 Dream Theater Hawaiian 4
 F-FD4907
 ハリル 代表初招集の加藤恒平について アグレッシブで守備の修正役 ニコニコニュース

┄┄┄┄┄┄┄┄┄┄

GOAL OF THE EXERCISE: Your answer must consist of every line above, reproduced exactly.

SOLUTION TO THIS PROBLEM:
 Dream Theater Hawaiian 4
 F-FD4907
 ハリル 代表初招集の加藤恒平について アグレッシブで守備の修正役 ニコニコニュース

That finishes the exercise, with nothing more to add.